I come across this in an otherwise unremarkable washroom on a coastal road I often cycle near Haeundae, Busan, Korea….
Theory on design metaphor indicates two broad constructs: a target and a source (see Nazli Cila's text on the subject from TU Delft). Broardly speaking, the source (stone) and target (wash basin) must in some way (use, function, form aesthetic), relate in order to provide grounds for successful metaphoric design. This then is no easy task.
Layered on top of this, in the case of the example above, is the material experience. Here I use material and experience to describe an emotional response to materials. Again Elvin Karana as written extensively on interactions between materials and the user-product experience. In this sense we may consider the meaning of the stone material.

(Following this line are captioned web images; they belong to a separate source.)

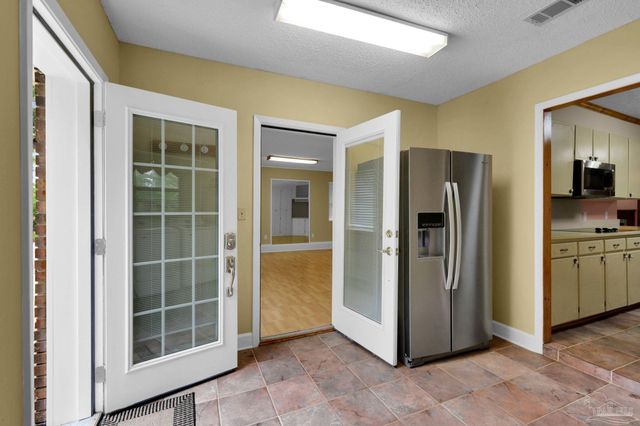 3338 Pursell Ln, Pensacola, FL 32526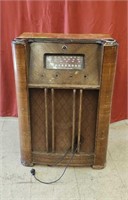 Vintage Radio - Needs cord replaced. 25"x12"x36"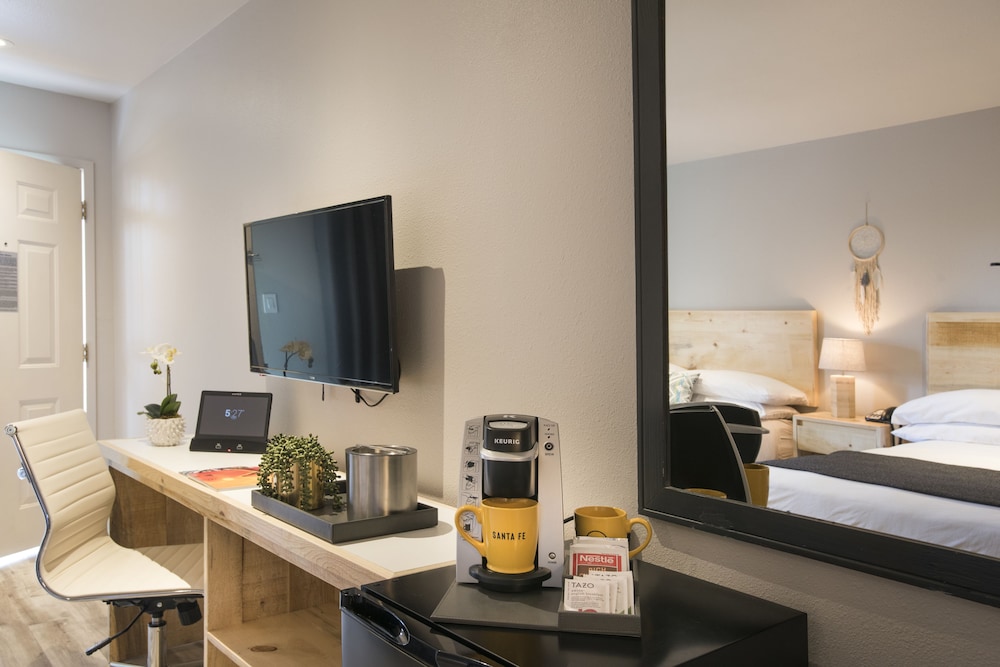 The Sage Hotel - photo 17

In both cases (the source of a hollowed rock) and the material used (stone) does not have strong enough relation to the target (wash basin).

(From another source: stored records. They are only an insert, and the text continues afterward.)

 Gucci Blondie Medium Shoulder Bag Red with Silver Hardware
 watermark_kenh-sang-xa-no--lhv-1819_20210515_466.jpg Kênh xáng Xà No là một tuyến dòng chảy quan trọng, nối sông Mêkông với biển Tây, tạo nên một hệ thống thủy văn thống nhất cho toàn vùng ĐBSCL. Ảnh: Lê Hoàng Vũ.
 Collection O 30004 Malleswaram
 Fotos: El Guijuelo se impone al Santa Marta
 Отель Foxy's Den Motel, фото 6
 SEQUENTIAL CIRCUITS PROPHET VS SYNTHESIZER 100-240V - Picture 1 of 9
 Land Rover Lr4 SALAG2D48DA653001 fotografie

Aesthetically and functionally, when was the last time anyone hollowed a rock to hold water? That is, the source has very little to do with the target in terms function. A large shell perhaps, or shell-like form?
In contrast the MUJI CD player by Naoto Fukasawa. although Fukasawa appears unsure as to why his design became an icon, the relation between (source: wall-mounted fan) and target (CD player) runs through the design, from form, to function to user-interaction. In this sense the Muji fan succeeds where the sink fails.